A eleição do primeiro professor negro para dirigir a Faculdade de Medicina da UFBA

Entre um momento e outro da vida conectada, no ir e vir de notícias e postagens das redes, uma nótícia chamou a atenção: “Professor é o primeiro negro eleito diretor da Faculdade de Medicina da Universidade Federal da Bahia em 215 anos de história” (G1, 25/07/2023). Lemos que “o primeiro professor negro a concorrer ao cargo de diretor da Faculdade de Medicina foi eleito para o posto na quinta-feira (25 de maio). A matéria informa que o “professor Antônio Alberto Lopes obteve a maioria dos votos de estudantes, docentes e servidores da universidade em votação ocorrida à noite.”

A curta nota do portal de notícias remeteu a uma antiga memória literária, ligada à vetusta “Faculdade de Medicina da Bahia”. Tal memória advinha da leitura de Tenda dos milagres, romance publicado em 1969 por Jorge Amado, que traz como personagem principal o pardo Pedro Archanjo, que, entre muitas outras coisas, ocupou o cargo de bedel na referida Faculdade. Vinha de Arcanjo, criação do baiano Amado, a memória da instituição citada na matéria, que deu o que pensar no momento e nos outros dias.

A Faculdade de Medicina da Bahia é a instituição de ensino superior mais antiga do país, fundada em 1808 como “Escola de Cirurgia da Bahia”. Na seção “Histórico” do site atual da Faculdade, podemos ler que “no pouco tempo que D. João VI e a família real permaneceram na Bahia, um mês e dois dias, foi o suficiente para que se registrassem alguns fatos de relevância nacional.” Entre tais fatos, consta que “após abrir os portos do Brasil às nações amigas de Portugal, D. João VI assinou, em 18 de fevereiro de 1808, o documento que mandou criar a Escola de Cirurgia da Bahia”, que, em 1832 passou a ser “Faculdade de Medicina da Bahia” e, desde 2004, é parte da Universidade Federal da Bahia.

Trata-se assim de uma instituição de relevância considerável, diretamente ligada à circunstâncias importantes da história do país. Pode-se especular as reações daquela família real nesse “pouco tempo” em que esteve em Salvador, entre a fuga das tropas de Napoleão que invadira a Penísula Ibérica e a chegada ao Rio de Janeiro da nova corte. Aquele “mundo novo”, “pouco civilizado”, cuja existência dependia totalmente da escravização, demandava “progressos” e “avanços”, conforme atestam as inovações insitucionais que o país receberia no período.

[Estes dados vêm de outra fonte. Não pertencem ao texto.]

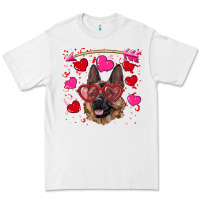 White valentine's german shepherd Premium Tee - RanaPortraitStore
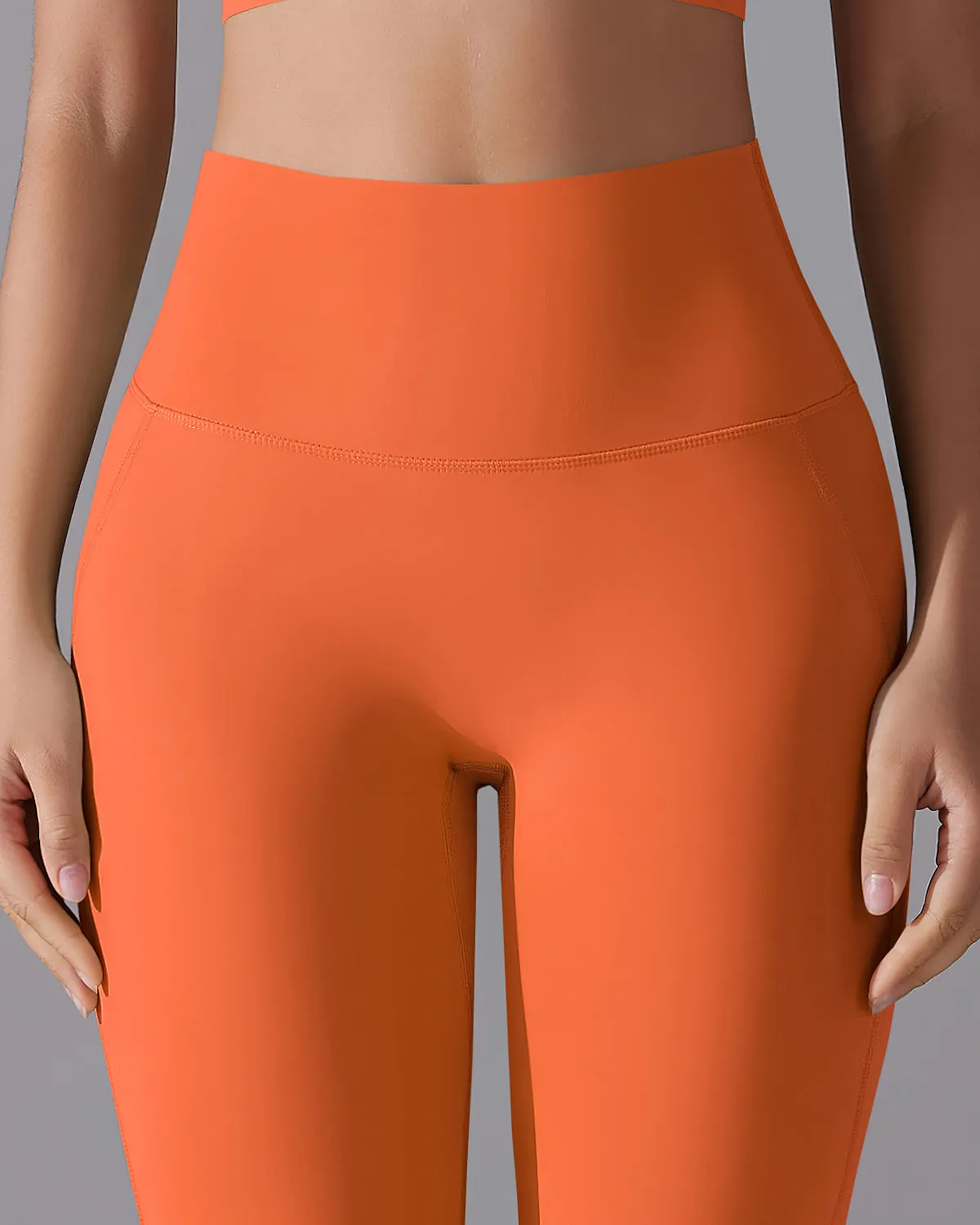 Giselle Seamless Leggings - Orange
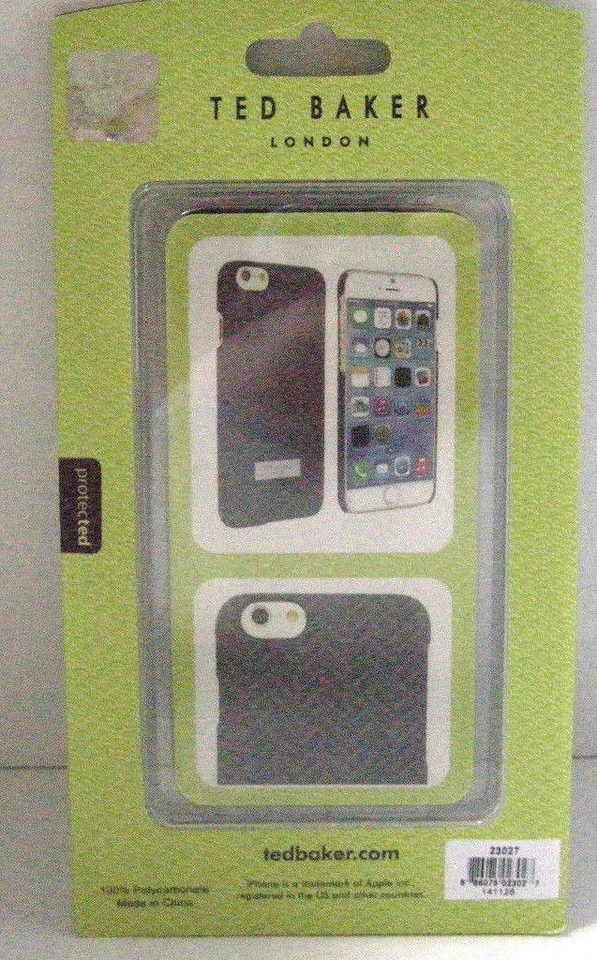 Funda para teléfono Ted Baker Apple iPhone 6, negra, nueva Foto 3 de 3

É nessa insituição que atua como bedel Pedro Archanjo, personagem principal de Tenda dos milagres. Baiano nascido em 1868, “filho de Antônio Archanjo e de Noêmia de Tal, mais conhecida por Noca de Logum Edé. Do pai sabe-se apenas ter sido recruta na Guerra do Paraguai na qual morreu durante a travessia do Chaco deixando a companheira grávida de Pedro, primeiro e único filho.” Num dos diversos retratos de Archanjo oferecidos ao longo do romance, sabemos que “tendo aprendido sozinho a ler, frequentou o Liceu de Artes e Ofícios onde adquiriu noções de diversas matérias e da arte tipográfica. Distinguiu-se em português e desde cedo foi dado à leitura.”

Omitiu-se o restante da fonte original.